Kashmir and Kashmiris are still awaiting their fate, but Sanam’s is decided that evening, at their expense. She wins. The Best Speaker trophy is hers! To display on her desk or to line up with its many predecessors on the glass-fronted shelf above the desk.
Goal achieved, it’s time to let her hair down; to catch up with all the faces she knows from so many other fests she has attended. Share a coffee with Ankit whom she had found cute when she first met him at a Hindu College event. Swap gossip with the Xavier’s college crowd and discuss the state of the nation with the Presidency know-it-alls. And she so wants to go to that comedy act scheduled in an hour—Papa CJ is featured. Besides this, a music gig with big names is slated for the next day: high octane music that brings all the attendees together. But tomorrow is another day. Tonight, all she wants to do is soak in the magic of the campus. Into the night she goes then, into the open greens in the campus, lit with cosy bonfires on fest nights for all to jam to popular tunes! Conversations that happen here cast their spell for long. The warmth of the fire, friends-just-made and talks both inane and meaningful keep Sanam awake and enchanted until the wee hours of the morning.

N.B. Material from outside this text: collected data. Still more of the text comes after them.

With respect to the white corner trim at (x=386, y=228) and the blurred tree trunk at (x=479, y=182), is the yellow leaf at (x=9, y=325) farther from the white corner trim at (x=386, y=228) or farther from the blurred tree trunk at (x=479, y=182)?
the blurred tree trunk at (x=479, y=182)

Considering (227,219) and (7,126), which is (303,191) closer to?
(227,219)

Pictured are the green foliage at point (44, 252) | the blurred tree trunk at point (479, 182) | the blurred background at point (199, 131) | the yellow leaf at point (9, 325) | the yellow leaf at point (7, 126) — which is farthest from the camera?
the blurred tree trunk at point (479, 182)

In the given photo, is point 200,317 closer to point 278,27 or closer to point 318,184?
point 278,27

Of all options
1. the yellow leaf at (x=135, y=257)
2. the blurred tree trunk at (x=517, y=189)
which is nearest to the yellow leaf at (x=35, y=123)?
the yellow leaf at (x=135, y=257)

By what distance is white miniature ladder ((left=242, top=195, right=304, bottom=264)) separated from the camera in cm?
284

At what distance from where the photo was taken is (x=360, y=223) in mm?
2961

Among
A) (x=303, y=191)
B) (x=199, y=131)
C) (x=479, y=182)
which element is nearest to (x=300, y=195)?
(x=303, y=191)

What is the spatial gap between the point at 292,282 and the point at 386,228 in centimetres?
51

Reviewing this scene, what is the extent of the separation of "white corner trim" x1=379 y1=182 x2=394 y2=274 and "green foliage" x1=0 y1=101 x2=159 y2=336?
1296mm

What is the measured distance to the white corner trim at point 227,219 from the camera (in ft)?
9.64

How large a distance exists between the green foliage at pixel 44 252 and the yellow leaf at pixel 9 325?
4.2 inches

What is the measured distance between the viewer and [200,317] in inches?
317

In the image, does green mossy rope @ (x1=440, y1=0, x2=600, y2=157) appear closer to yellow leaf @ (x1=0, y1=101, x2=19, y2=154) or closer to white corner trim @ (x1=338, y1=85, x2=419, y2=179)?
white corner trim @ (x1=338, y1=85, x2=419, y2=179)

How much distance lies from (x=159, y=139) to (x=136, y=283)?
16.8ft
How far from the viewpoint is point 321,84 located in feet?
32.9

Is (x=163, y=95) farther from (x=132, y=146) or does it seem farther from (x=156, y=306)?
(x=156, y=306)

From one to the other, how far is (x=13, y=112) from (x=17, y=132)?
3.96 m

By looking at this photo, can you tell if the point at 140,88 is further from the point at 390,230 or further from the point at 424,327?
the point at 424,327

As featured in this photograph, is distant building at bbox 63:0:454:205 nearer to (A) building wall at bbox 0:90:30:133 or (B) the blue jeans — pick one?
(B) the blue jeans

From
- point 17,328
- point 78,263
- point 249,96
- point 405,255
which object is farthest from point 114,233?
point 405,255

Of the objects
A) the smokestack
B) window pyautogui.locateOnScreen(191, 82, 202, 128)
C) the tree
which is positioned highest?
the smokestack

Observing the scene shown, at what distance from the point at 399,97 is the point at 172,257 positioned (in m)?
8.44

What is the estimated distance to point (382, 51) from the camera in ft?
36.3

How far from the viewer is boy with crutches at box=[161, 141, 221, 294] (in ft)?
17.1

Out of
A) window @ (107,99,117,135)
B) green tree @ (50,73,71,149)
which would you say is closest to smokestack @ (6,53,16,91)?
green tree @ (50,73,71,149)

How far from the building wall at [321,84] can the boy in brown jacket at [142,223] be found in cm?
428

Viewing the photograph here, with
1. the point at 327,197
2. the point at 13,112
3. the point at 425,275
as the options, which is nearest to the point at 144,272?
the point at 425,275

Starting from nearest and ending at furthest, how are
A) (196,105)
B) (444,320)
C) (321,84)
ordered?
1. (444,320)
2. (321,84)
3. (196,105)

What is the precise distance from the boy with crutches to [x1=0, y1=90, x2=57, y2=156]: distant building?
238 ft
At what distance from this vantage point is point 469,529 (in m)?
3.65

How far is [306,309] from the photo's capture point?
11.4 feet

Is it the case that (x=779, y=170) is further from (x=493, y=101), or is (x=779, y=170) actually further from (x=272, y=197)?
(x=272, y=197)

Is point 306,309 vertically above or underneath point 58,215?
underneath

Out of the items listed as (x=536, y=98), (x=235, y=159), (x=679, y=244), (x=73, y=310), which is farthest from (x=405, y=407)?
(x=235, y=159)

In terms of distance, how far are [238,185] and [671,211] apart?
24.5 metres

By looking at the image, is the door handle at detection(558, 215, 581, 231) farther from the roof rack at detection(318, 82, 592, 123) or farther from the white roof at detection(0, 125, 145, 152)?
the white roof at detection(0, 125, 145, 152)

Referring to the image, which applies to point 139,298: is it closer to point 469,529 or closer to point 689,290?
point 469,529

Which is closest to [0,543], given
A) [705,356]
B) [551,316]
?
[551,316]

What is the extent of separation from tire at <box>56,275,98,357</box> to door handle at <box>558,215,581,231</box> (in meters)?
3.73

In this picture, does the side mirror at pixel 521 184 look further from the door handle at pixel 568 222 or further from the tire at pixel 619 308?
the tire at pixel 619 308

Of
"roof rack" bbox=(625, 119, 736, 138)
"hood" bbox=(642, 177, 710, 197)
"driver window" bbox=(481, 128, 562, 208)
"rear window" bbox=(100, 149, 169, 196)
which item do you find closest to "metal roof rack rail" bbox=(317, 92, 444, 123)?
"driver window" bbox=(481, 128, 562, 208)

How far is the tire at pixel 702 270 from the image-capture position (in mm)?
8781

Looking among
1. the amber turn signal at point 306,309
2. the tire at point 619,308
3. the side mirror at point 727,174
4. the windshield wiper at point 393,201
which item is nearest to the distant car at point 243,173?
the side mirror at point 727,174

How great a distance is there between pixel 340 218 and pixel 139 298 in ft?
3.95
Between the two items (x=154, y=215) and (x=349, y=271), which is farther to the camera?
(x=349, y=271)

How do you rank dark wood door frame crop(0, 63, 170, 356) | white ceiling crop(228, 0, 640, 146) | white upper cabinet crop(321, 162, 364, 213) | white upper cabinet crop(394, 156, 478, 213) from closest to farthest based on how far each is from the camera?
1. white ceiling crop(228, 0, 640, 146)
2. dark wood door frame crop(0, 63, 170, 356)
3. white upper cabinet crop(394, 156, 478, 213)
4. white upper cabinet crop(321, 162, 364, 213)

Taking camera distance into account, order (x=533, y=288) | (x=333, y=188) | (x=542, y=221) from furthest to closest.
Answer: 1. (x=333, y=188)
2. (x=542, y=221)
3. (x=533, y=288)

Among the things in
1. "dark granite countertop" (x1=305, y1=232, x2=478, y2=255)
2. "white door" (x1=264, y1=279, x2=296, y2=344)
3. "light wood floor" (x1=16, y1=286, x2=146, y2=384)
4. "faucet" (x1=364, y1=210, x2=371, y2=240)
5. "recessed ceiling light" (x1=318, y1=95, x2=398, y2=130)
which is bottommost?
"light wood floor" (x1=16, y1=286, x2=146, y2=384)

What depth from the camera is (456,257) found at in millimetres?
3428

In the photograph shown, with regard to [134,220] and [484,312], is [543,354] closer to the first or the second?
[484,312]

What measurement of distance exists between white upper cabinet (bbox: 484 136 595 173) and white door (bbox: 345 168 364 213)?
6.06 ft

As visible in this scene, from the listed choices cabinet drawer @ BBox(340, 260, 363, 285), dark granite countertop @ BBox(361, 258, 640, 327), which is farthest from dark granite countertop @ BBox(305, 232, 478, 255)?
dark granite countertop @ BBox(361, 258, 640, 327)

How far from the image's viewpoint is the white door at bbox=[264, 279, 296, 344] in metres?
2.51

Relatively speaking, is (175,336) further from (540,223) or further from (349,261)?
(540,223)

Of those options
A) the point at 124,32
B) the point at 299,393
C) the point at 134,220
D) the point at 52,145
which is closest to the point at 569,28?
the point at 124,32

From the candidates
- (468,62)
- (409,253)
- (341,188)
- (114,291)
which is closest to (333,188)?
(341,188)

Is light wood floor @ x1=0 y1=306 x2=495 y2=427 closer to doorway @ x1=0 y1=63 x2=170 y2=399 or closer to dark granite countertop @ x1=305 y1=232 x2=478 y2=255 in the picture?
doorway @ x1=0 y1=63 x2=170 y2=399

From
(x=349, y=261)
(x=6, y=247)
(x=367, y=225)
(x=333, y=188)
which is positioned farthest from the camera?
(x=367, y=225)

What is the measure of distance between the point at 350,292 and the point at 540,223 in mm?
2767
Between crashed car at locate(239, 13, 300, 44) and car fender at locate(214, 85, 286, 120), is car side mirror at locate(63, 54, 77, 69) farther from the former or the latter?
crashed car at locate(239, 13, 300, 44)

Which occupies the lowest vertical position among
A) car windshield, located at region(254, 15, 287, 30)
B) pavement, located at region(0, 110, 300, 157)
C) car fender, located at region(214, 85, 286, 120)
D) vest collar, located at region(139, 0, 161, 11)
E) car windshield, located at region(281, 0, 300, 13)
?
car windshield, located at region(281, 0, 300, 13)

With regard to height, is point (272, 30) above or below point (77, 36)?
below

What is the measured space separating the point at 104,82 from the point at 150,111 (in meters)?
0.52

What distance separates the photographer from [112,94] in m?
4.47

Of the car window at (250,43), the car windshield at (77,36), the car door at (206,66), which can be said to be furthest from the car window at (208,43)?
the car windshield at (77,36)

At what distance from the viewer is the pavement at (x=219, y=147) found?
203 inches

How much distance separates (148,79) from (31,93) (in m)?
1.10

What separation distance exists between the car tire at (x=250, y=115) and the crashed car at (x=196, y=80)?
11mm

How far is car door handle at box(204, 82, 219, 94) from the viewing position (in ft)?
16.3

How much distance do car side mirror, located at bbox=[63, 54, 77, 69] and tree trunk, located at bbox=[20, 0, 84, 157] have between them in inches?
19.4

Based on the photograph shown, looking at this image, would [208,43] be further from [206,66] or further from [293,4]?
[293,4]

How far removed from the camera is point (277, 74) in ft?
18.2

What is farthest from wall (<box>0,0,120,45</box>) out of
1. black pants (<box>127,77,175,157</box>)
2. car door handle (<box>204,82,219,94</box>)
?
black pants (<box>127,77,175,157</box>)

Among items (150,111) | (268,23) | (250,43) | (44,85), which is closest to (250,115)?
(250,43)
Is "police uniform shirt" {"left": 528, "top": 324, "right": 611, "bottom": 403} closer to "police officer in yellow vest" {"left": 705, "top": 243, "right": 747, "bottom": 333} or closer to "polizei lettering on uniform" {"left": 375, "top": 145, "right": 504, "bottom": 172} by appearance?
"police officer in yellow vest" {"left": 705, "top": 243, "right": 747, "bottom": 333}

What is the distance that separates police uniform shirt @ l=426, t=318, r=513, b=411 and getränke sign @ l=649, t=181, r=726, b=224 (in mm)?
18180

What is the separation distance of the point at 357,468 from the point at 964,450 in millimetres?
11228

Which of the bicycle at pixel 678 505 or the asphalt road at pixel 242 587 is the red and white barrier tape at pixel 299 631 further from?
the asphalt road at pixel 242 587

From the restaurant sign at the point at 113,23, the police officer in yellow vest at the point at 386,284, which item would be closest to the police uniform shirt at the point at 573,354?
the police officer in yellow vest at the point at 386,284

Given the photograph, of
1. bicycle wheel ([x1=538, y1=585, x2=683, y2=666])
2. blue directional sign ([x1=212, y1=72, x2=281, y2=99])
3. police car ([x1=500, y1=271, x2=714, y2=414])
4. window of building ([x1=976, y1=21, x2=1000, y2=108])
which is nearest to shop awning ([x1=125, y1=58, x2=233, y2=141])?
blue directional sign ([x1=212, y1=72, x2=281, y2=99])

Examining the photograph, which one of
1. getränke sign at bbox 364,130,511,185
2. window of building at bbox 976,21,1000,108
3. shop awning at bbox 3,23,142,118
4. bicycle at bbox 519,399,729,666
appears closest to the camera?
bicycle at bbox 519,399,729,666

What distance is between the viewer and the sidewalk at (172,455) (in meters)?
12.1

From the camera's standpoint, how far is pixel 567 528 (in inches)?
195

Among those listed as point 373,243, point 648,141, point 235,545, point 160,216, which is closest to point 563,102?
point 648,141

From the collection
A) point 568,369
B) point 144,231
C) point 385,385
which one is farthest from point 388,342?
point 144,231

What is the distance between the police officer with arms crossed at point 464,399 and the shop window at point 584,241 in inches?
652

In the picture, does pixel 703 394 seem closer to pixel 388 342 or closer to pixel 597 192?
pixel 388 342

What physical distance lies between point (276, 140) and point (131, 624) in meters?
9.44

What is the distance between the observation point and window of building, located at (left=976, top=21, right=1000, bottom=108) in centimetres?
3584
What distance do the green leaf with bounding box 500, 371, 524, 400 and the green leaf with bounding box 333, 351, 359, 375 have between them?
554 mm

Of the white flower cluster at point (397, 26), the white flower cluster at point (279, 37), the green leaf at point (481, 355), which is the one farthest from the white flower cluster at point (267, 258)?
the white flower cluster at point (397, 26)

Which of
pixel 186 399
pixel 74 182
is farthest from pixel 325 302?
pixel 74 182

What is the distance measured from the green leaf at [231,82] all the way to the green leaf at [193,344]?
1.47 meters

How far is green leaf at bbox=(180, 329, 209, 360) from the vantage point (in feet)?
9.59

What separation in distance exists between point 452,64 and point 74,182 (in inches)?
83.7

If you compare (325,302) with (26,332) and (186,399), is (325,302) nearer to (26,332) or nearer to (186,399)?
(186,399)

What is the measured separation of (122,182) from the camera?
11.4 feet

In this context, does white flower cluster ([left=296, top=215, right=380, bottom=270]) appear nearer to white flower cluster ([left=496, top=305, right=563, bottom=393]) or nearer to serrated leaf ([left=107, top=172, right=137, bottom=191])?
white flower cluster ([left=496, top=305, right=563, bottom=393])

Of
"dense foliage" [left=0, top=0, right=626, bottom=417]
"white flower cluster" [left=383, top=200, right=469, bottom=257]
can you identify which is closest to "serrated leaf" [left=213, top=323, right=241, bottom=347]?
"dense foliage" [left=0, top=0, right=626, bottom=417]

She never wants to forget this.
As Sanam was holding forth on Kashmir and its mountain of issues on stage, there is another equally distinguished mortal tuned to the same topic. Aamir is supine on the verdant greens, a few kilometres from that heaven on earth known as Lolab Valley, eyes shut, listening to the news on the radio.
The government plans to heal wounds in the Valley by offering more scholarships to Kashmiri children. Ten seats per sector per college will now be offered to Kashmiri students under the Pradhan Mantri Scholarship Scheme. Funds have also been sanctioned to set up girls’ hostels and two engineering colleges in the state.
Aamir listens intently.
Ten seats! That would mean a lot if the scheme actually reached the students. Two seats are already available under this scheme, but funds are often denied to the students, compelling them to return home mid-session, dejected and disgruntled. Policies are well-intended; the only problem is that they are rarely, if ever, implemented as they should be . . .
Something thuds right next to Aamir, derailing his train of thought. It’s Moeen in a billowing phiran that, despite its voluminous cut, fails to disguise his gaunt frame. Before Aamir can lever himself up on his elbows, his cousin leans over and turns off the radio.